In an action to recover unpaid rent and other charges pursuant to a lease, the defendant appeals from (1) an order of the Supreme Court, Queens County (McDonald, J.), dated September 25, 2009, which granted the plaintiffs motion for summary judgment, and (2) a judgment of the same court entered March 4, 2009, which, upon the order, is in favor of the plaintiff and against him in the principal sum of $70,283.27.
Ordered that the appeal from the order is dismissed; and it is further,
Ordered that the judgment is reversed, on the law, the plaintiffs motion for summary judgment is denied, and the order dated September 25, 2009, is modified accordingly; and it is further,
Ordered that one bill of costs is awarded to the defendant.
The appeal from the intermediate order must be dismissed because the right of direct appeal therefrom terminated with the entry of judgment in the action (see Matter of Aho, 39 NY2d 241, 248 [1976]). The issues raised on the appeal from the order are brought up for review and have been considered on the appeal from the judgment (see CPLR 5501 [a] [1]).
The lease at issue identified the defendant, Marc Schneider, as the tenant, and when signing his name to the rider and the lease, he did not sufficiently indicate that he was acting as an agent for a corporation and not in his individual capacity. While *916an agent who signs a lease on behalf of a disclosed principal will not incur personal liablity, in these circumstances Schneider agreed to accept liability and he became the tenant when he signed the lease identifying him as the person responsible for compliance with the terms of the lease (see Key Equip. Fin. v South Shore Imaging, Inc., 69 AD3d 805 [2010]). Parol evidence with respect to a contrary intent was not admissible because the written lease was unambiguous (see Yellow Book of N.Y., Inc. v Shelley, 74 AD3d 1333 [2010]).
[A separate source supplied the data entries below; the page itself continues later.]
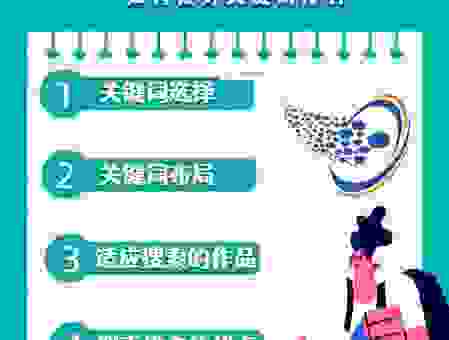 想知道关键词排名点击器怎么选吗？这几点一定要注意！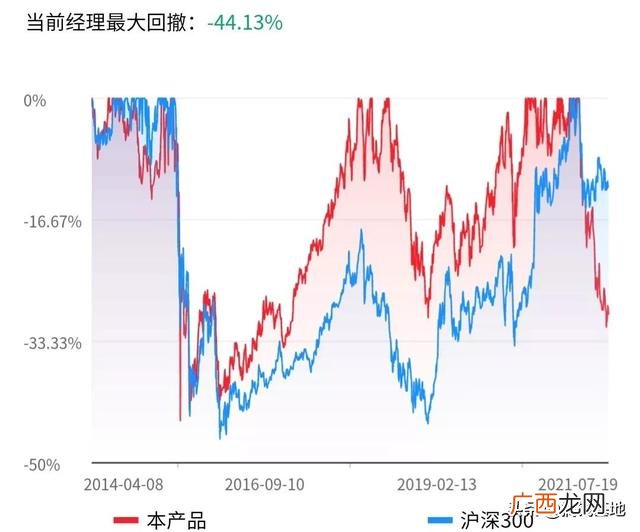 118001基金净值查询,易方达今天最新净值查询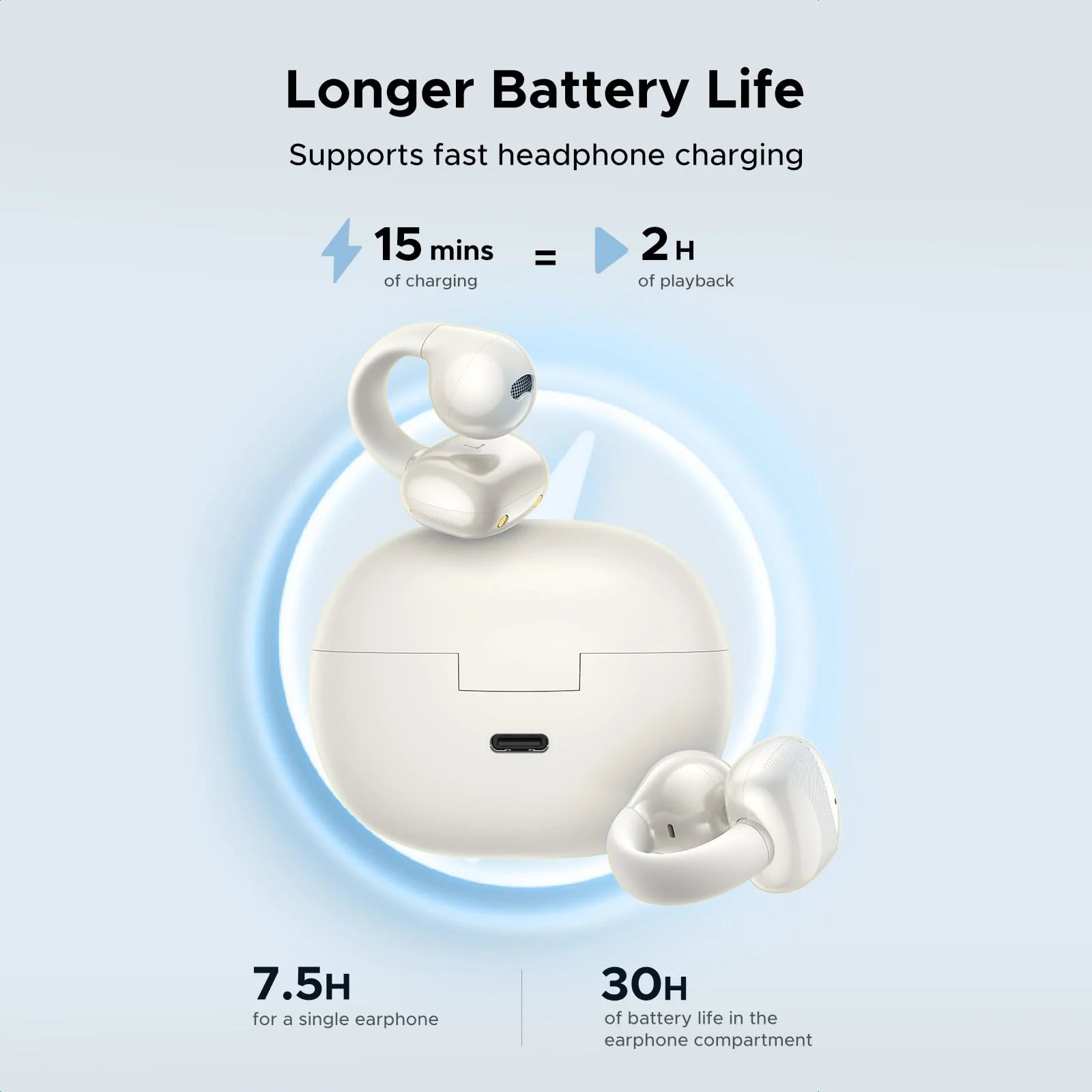 Ugreen HiTune S3 True Wireless Earbuds Blanc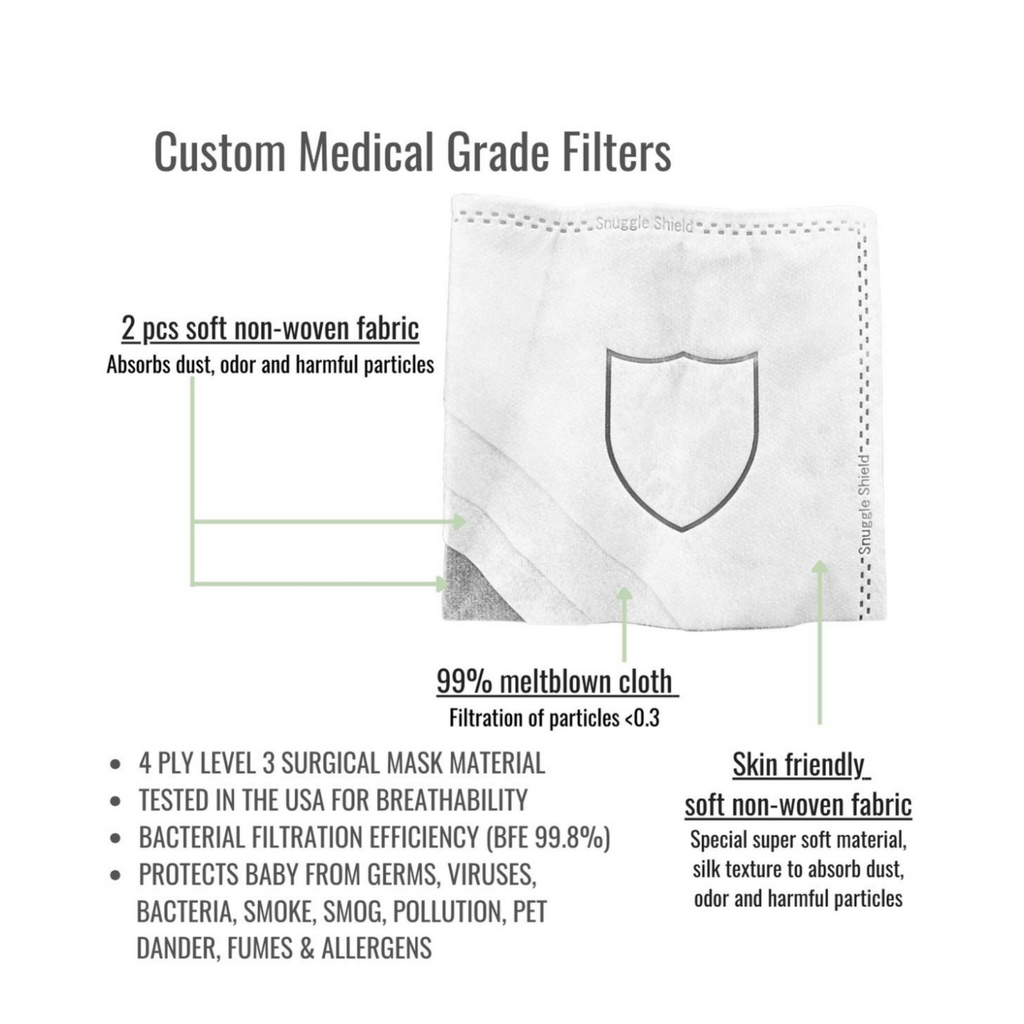 Snuggle Shield® Custom Medical Grade Filter Refill Pack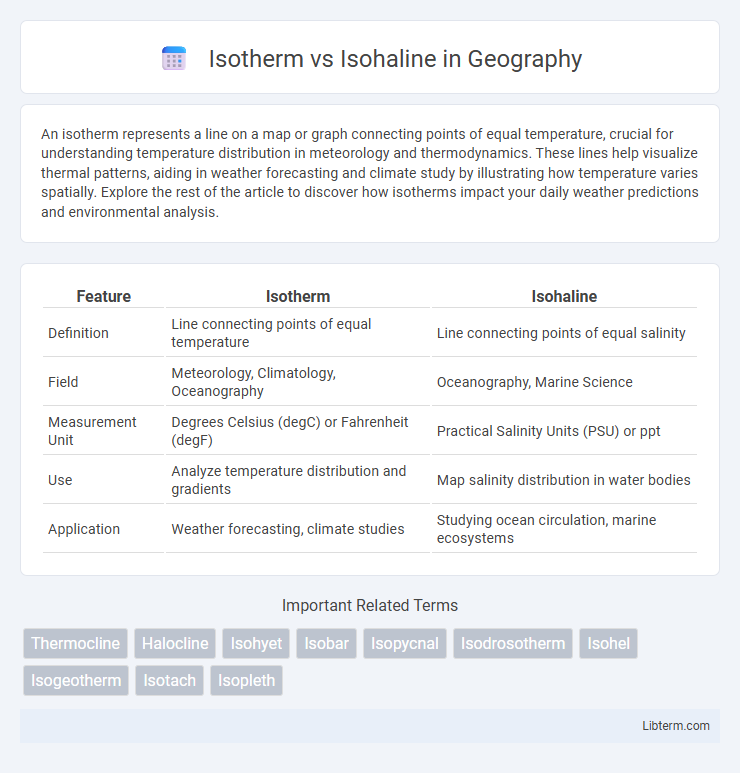 Isohaline vs Isotherm in Geography - What is The Difference?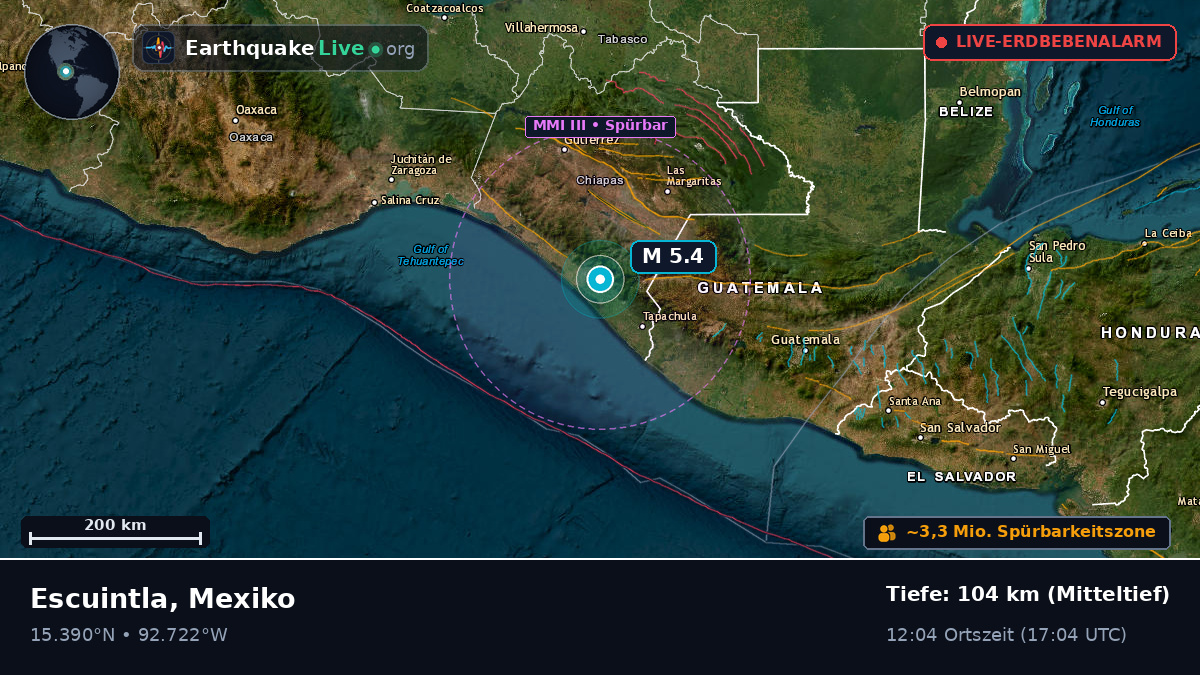 Escuintla, Chiapas, Mexiko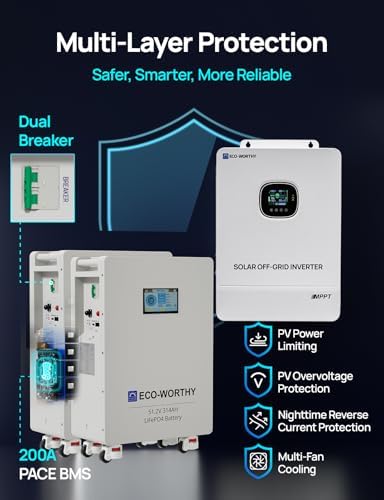 ECO-WORTHY Power Storage review performance testing and real-world results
Although the plaintiff established its prima facie entitlement to summary judgment by demonstrating that Schneider became personally liable for any defaults under the lease when he executed that document without indicating that he was signing the lease as an agent for a corporation, Schneider raised triable issues of fact exist as to whether there was a constructive eviction from the premises and as to whether the plaintiff relet the premises after the premises were vacated. Thus, the plaintiff was not entitled to summary judgment on its claims for unpaid rent accruing on or after May 1, 2004 (see Alvarez v Prospect Hosp., 68 NY2d 320, 324 [1986]; Winegrad v New York Univ. Med. Ctr., 64 NY2d 851, 853 [1985]). Mastro, J.P., Covello, Dickerson and Roman, JJ., concur.